But what is this thing called Australia? Is it an occupation; a prison; a fair dinkum, have-a-go-get-a-go democracy; a site of resource extraction or a dumping ground of waste? Is it a Sunburnt Country, a lucky one, even? Or an outpost of the British, then American, empires; or is it far more?

‘Australia’ has held many meanings over its colonial history: a series of illusory narratives, weaponized for wealth and power; a mythic portrayal of mateship and prosperity, the veil far too thin to hide legacies of bloodshed and violence. When so deeply rooted in injustice and destruction, what hope remains for this land, and those who inhabit it?

There is no singularity, and herein we find our hope. The conditions of our dystopia are equally the substratum for our utopia, and the multiplicities of this continent reveal both. The future is never decided, but forever contested.

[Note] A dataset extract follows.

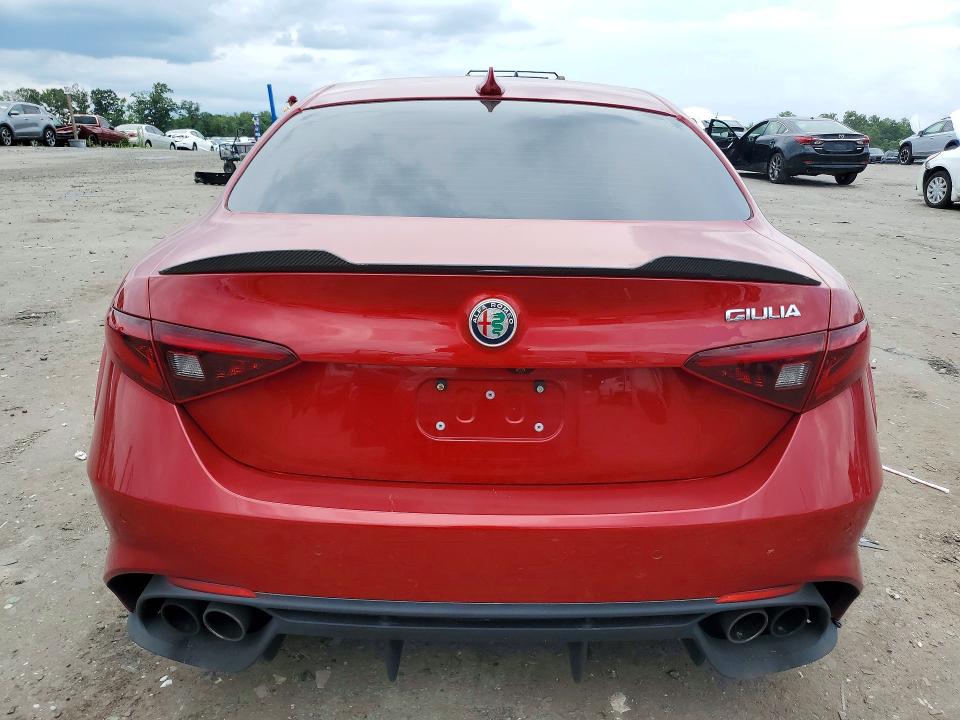 2017 Alfa romeo VIN ZARFAEAV2H7547696 COPART salvage auction — FRONT END, Va - Certificate Of Title (P), sold $15,300 on 2026-07-29 (photo 6)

(Dis)solution creates and publishes work to unravel the knots of injustice in the post-end-of-history Anthropocene(s). It turns a critical eye to the machinations of exploitation at the intersections of the political, cultural, and ecological, and the crisis and contradiction that follows. (Dis)solution believes in work that analyzes our world without insularity, work that informs our everyday-political movement through the eroding topographies of the 21st century—not merely to understand it, but to change it.